> **The data**
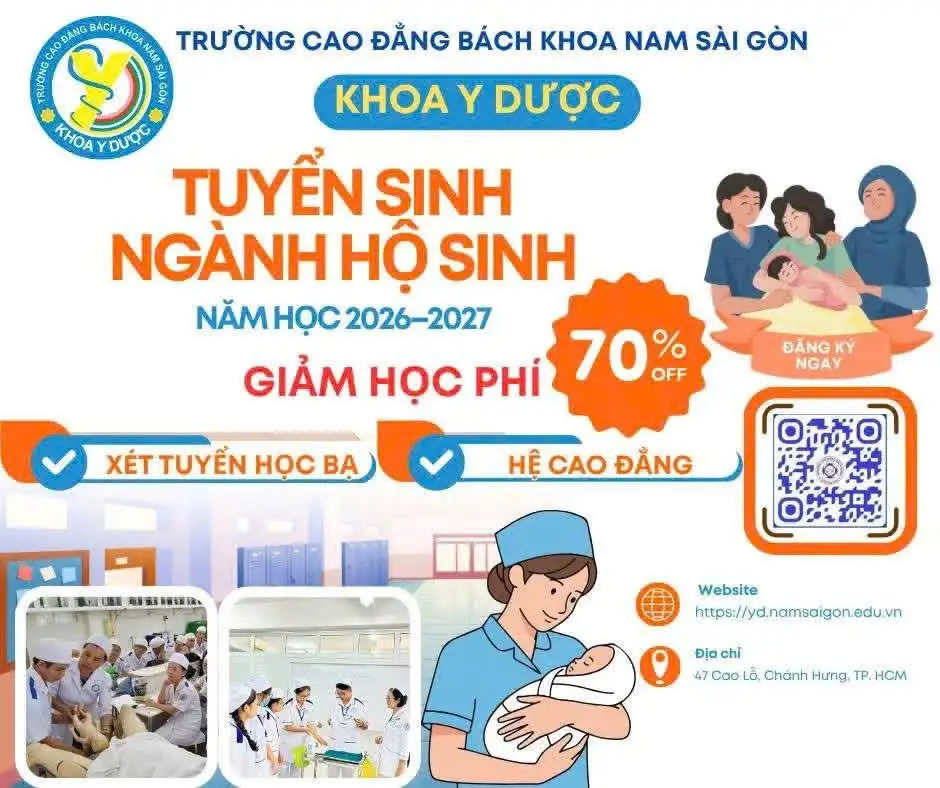 TUYỂN SINH CAO ĐẲNG HỘ SINH NĂM HỌC 2026-2027 – TRƯỜNG CAO ĐẲNG BÁCH KHOA NAM SÀI GÒN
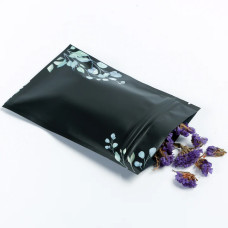 70mm x 100mm Black with Green/Blue Flower Matt 3 Side Seal Bags (100 per pack) 70mm x 100mm Black with Green/Blue Flower Matt 3 Side Seal Bags (100 per pack)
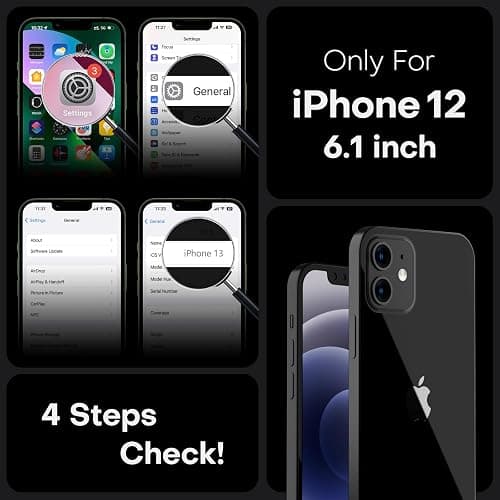 TOCOL Magnetic for iPhone 12 Case, Upgraded Full Camera Protection, Fit for MagSafe, Rugged Phone Case for iPhone 12 6.1 Inch, Drop Protection, Anti-Scratch, Black thumbnail 2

> **What you are asked to do**
In transcribing the material above, reproduce each line exactly and include none of the pictures.

> **Answer to the problem**
 TUYỂN SINH CAO ĐẲNG HỘ SINH NĂM HỌC 2026-2027 – TRƯỜNG CAO ĐẲNG BÁCH KHOA NAM SÀI GÒN
 70mm x 100mm Black with Green/Blue Flower Matt 3 Side Seal Bags (100 per pack) 70mm x 100mm Black with Green/Blue Flower Matt 3 Side Seal Bags (100 per pack)
 TOCOL Magnetic for iPhone 12 Case, Upgraded Full Camera Protection, Fit for MagSafe, Rugged Phone Case for iPhone 12 6.1 Inch, Drop Protection, Anti-Scratch, Black thumbnail 2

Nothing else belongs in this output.